Why existing profanity detection libraries suck and how I built a better one

drallison · on Feb 5, 2019

Most of the words on the profanity list are in common use in polite company these days. If the goal is to identify hate speech and sexual speech, doesn't there need to be a semantic component. I wonder why a profanity filter is needed--what is the use case?

vzhou842 · on Feb 5, 2019

Hey, author here. I run a couple web games that allow in-game chat between players. One of the biggest complaints from players is that some people like to troll and spam post racial slurs / hate speech / threats. I wanted the profanity detection so I could just filter out the most egregiously profane messages and potentially kick/ban players who continue trying to send obviously profane messages.

IshKebab · on Feb 5, 2019

Seems like a reasonable use of it as long as the sensitivity is set so you have a reasonably low false positive rate (or have a human in the loop).

vzhou842 · on Feb 5, 2019

that's the idea!

IshKebab · on Feb 5, 2019

Do none of the winners of the Kaggle competition he linked release their code?

jaclaz · on Feb 5, 2019

Only as anecdata, I remember a Forum/Discussion Board (technical) that a few years ago had issues (its word filter) with the word Matsushita (Panasonic was fine ;)).

WalterGR · on Feb 8, 2019

This is called the Scunthorpe Problem. https://en.m.wikipedia.org/wiki/Scunthorpe_problem

Overtonwindow · on Feb 5, 2019

I have never meant to say the word “ducking” in my entire life...

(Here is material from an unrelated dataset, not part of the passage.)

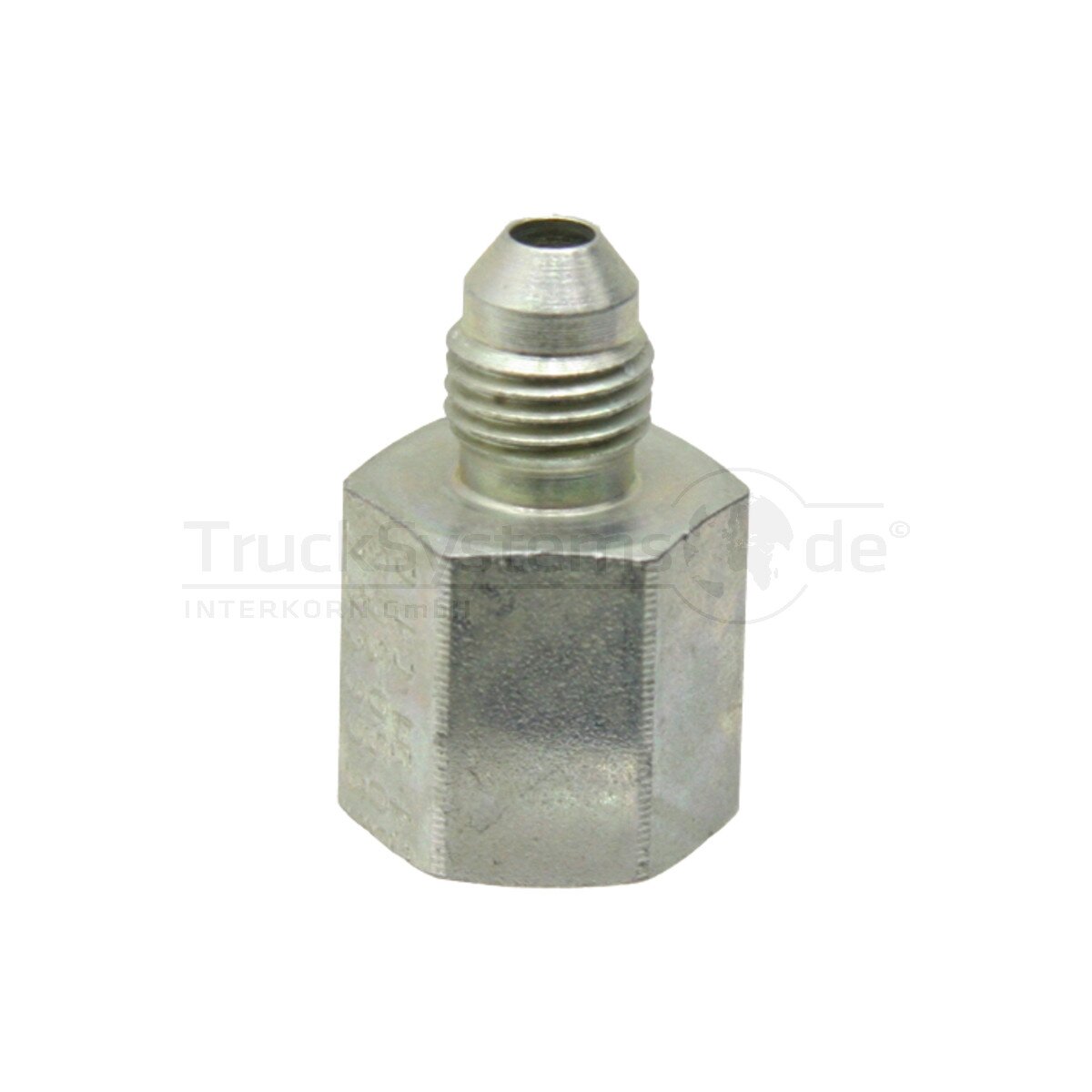 Gerade Adapter 1/2 M-JIC x 1/4 M-BSP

bryanrasmussen · on Feb 5, 2019

a propos the subjectivity of profanity, the word Slut in Danish means finished, it might often be found at the end of long bodies of text.

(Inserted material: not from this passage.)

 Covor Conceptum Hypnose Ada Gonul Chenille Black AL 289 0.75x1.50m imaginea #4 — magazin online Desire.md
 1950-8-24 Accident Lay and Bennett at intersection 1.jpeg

vector_spaces · on Feb 5, 2019

Same in Swedish and probably also Norwegian, which both have a pretty substantial online gameing presence

vzhou842 · on Feb 5, 2019

yup valid points, that’s definitely a weakness here

rebornshellfish · on Feb 5, 2019

There is no sociologically valid use case for a profanity detection library. This is a misuse of technology. Get over your shit.

ken · on Feb 5, 2019

Is there a "sociologically valid use case" for other software you've seen announced on HN?

ashleyn · on Feb 5, 2019

Not even making services age-appropriate?

rebornshellfish · on Feb 5, 2019

Firstly, it won't work because designing a profanity filter can only ever be an eternal game of cat and mouse - there are always going to be new words or ways of r3wr1t1ng the same words. This doesn't take into account the problem of multiple languages.

Secondly, age-appropriate is a far more complex challenge than simply filtering out "bad" words. Anything can be reworded. Families differ in which words they consider acceptable at each age. If you really want to make an online service safe for young children, you probably shouldn't be matching them with unapproved strangers to talk to in any form.

beobab · on Feb 5, 2019

Are you familiar with the maxim that people behave better if they believe they are being observed?

Would you agree that people would be less likely to “go off on one” if a draft message displayed a “this message could be construed as offensive” warning before they sent it?

jsjohnst · on Feb 5, 2019

But what defines “offensive”? If you used a “profane” word, I’d likely not even notice. But if you said something negative about me or my family, yes, that’d likely be offensive. Even that isn’t fool proof, a friend saying something negative about me might not be offensive (especially if a truthful statement), but a stranger it would likely always be. There’s so much nuance here that I feel it’s a losing battle.